56The alternative construction of the words in their context is that reached by the federal magistrate and advanced by the respondent on the appeal, namely, that the Minister’s satisfaction is one of the elements or things upon which compliance with subcl 3(a) is dependent. On this view, compliance depends on the Minister considering the matter and deciding whether he or she is satisfied that there has been the required attendance. On this interpretation, and because subcl (3)(b) is expressed in terms of the Minister being satisfied of the required attendance, there is either non-compliance with the condition until the Minister decides otherwise, or a visa holder is taken to comply with the condition unless and until the Minister considers the matter and fails to be satisfied of the required attendance or is satisfied that there has not been the required attendance. The respondent submitted that those were two alternatives. He submitted that if the first interpretation was the correct one, then subcl (3)(a) was clearly invalid for reasons similar to those which led a majority in Dai to conclude that subcl (3)(b) was invalid or inoperative. If the second interpretation was the correct one, then clearly (submitted the respondent) the non-compliance or breach occurred after 1 July 2007 and the Tribunal had erred in applying condition 8202 in the form in which it was prior to 1 July 2007.
57The point is not free from difficulty because one would assume that the words have some work to do.

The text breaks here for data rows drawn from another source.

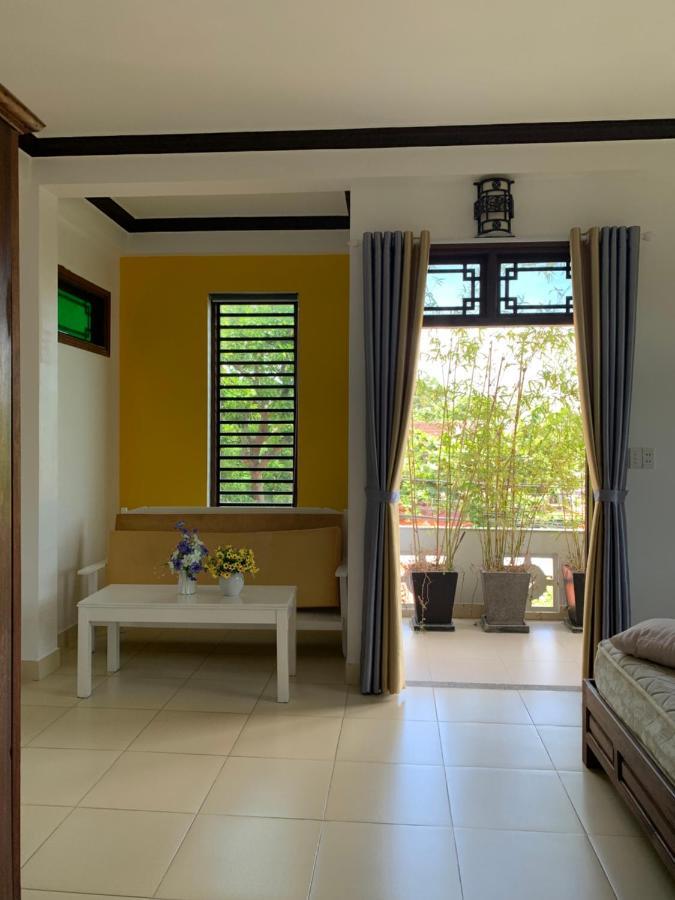 Cheerful Hoi An Hostel Esterno foto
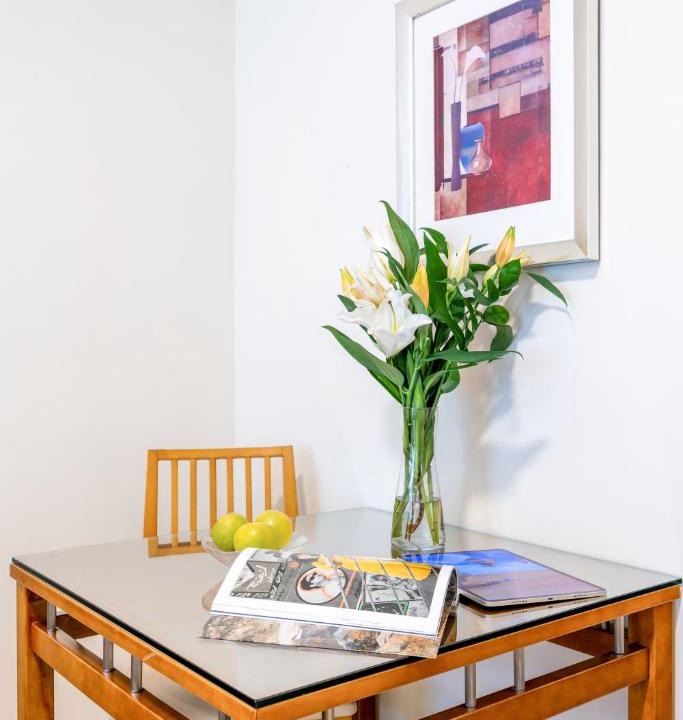 Al Mankhool Apartment | Golden Sands Hotel Apartments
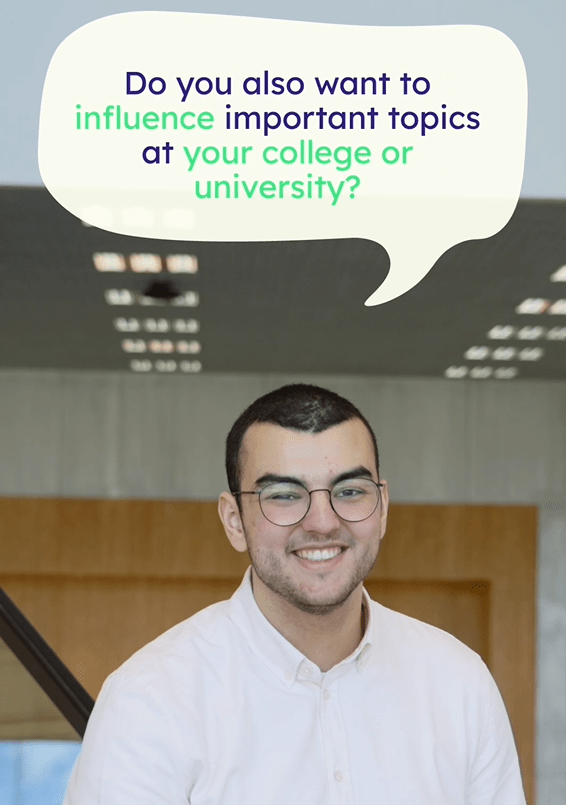 OCW erkent daling in de opkomst van de verkiezingen voor de&nbsp;medezeggenschap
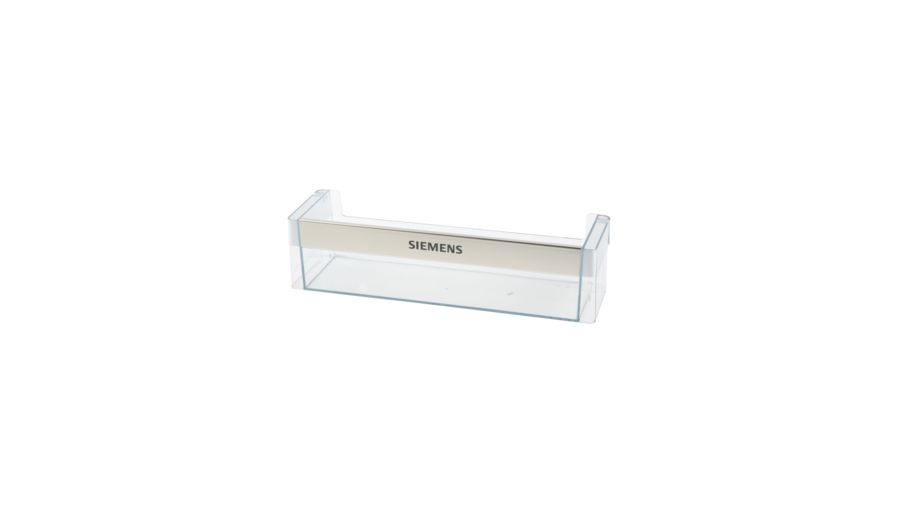 Siemens Étagère 00743291 pour réfrigérateur siemens ki81raf30g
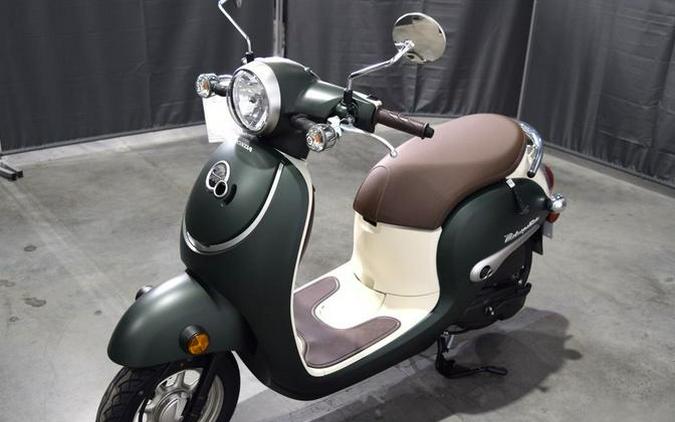 2024 Honda® Metropolitan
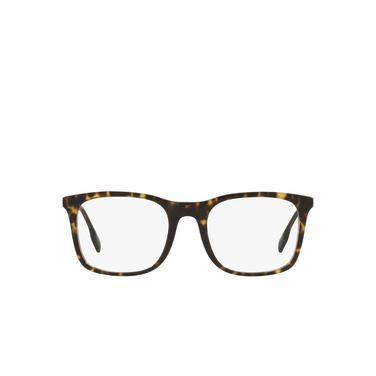 Burberry ELGIN Korrektionsbrillen 3002 dark havana - Vorderansicht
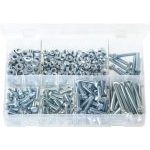 Assorted M6 Fasteners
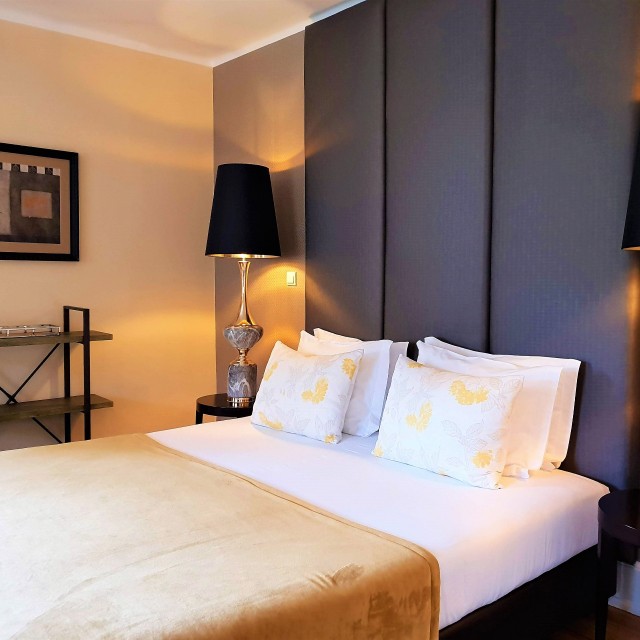 Quinta da Palmeira – Country House Retreat and Spa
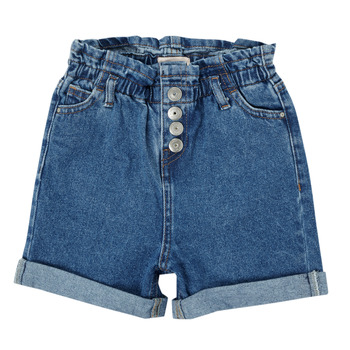 Vêtements Fille Shorts / Bermudas Only KOGCUBA Bleu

I have reached the conclusion that the construction advanced by the appellant is the correct one and that non-compliance occurs upon it becoming impossible for the visa holder to achieve the required attendance. I have reached that conclusion for two reasons. First, such an interpretation of subcl (3)(a) avoids the conclusion that the Minister is to be satisfied of his or her own satisfaction (see s 116(1)(b) of the Migration Act 1958 (Cth) ("the Act") and reg 2.43(2) of the Regulations; Minister for Immigration and Multicultural Affairs v Zhang [1999] FCA 84; (1999) 84 FCR 258 at 270 [54] per French and North JJ, at 271 [66] per Merkel J). Secondly, as the reasons of Stone J illustrate (at [24]-[27]), such an interpretation means that condition 8202 conforms with the statutory scheme established by the Act, the Regulations and the Education Services for Overseas Students Act 2000 (Cth).
58I agree with the orders proposed by Stone J.

I certify that the preceding ten (10) numbered paragraphs are a true copy of the Reasons for Judgment herein of the Honourable Justice Besanko.